Star Tribune – The Twins on Wednesday announced a new Ballpark Pass deal for the months of April and May: $99 for access to 30 home games — all of them except the home opener — in those two months.
No, that is not a misprint.
Thirty games for a hundred bucks? That is a deal. That is a Florida Marlins Pro Player Stadium mid-2000s type deal. Even if the Twins get out to another 15-35 start some good teams, including the Red Sox, come to town in the April and May. Minnesota’s had a mild end to winter and there are bound to be some good giveaways in there. What’s the catch?
There is some fine print, such as you don’t get a seat for the games. Basically, “Ballpark Access” is what used to be known as a standing-room only ticket. You choose every game you want to go to, and the ticket is delivered to your mobile device.
I’m not above sitting in the cheap seats. If this deal stuck me in the last row of the upper deck in the outfield for every game, I’d buy in. But unless it is Game 7 of the World Series, I’m over the standing room experience.

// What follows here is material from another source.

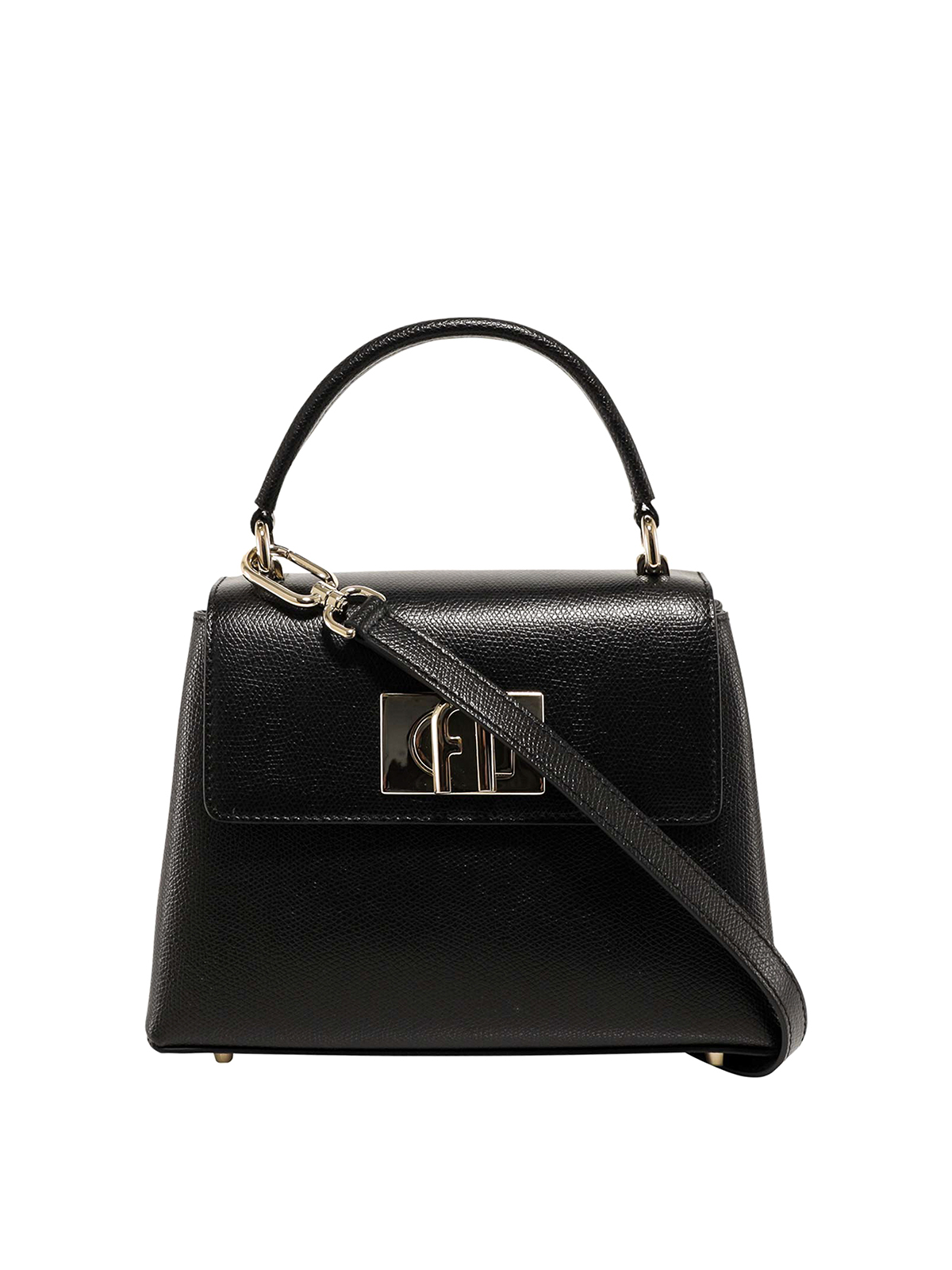 Grained leather handbag WB00109ARE000NERO (FURLA / ハンドバッグ・ショルダーバッグ ) | FURLA (フルラ)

Ushers at the ballpark are already obsequious employees on power trips. [At least flight attendants are 30,000 feet in the air.] You think they’re annoying when you’re trying to get to your seat during an at-bat? Wait until they are charged with defending the sanctity of empty seats in entirely empty sections. They’ll turn into Newman trying to convict Jerry of mail fraud every inning of every game.